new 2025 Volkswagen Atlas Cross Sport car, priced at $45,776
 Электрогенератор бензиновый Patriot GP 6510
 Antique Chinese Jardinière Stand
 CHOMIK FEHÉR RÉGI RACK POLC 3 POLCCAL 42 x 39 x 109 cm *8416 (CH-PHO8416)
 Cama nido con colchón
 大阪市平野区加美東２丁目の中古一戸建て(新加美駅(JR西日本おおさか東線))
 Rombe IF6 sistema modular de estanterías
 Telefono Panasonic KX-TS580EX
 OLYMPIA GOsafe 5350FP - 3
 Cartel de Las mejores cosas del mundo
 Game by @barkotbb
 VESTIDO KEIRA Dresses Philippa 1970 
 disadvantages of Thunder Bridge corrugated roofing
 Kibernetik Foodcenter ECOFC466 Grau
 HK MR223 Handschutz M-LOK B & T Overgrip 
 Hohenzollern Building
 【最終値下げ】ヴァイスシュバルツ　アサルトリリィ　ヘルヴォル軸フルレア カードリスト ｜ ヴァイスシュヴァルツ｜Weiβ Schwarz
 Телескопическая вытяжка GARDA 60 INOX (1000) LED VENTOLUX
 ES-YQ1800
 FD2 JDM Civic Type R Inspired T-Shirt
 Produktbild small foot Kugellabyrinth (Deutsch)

EXERCISE GOAL: From the line that contains "Cartel de Las mejores cosas del mundo" through the final line of the material, copy every line exactly, including both ends.

WRITTEN SOLUTION:
 Cartel de Las mejores cosas del mundo
 Game by @barkotbb
 VESTIDO KEIRA Dresses Philippa 1970 
 disadvantages of Thunder Bridge corrugated roofing
 Kibernetik Foodcenter ECOFC466 Grau
 HK MR223 Handschutz M-LOK B & T Overgrip 
 Hohenzollern Building
 【最終値下げ】ヴァイスシュバルツ　アサルトリリィ　ヘルヴォル軸フルレア カードリスト ｜ ヴァイスシュヴァルツ｜Weiβ Schwarz
 Телескопическая вытяжка GARDA 60 INOX (1000) LED VENTOLUX
 ES-YQ1800
 FD2 JDM Civic Type R Inspired T-Shirt
 Produktbild small foot Kugellabyrinth (Deutsch)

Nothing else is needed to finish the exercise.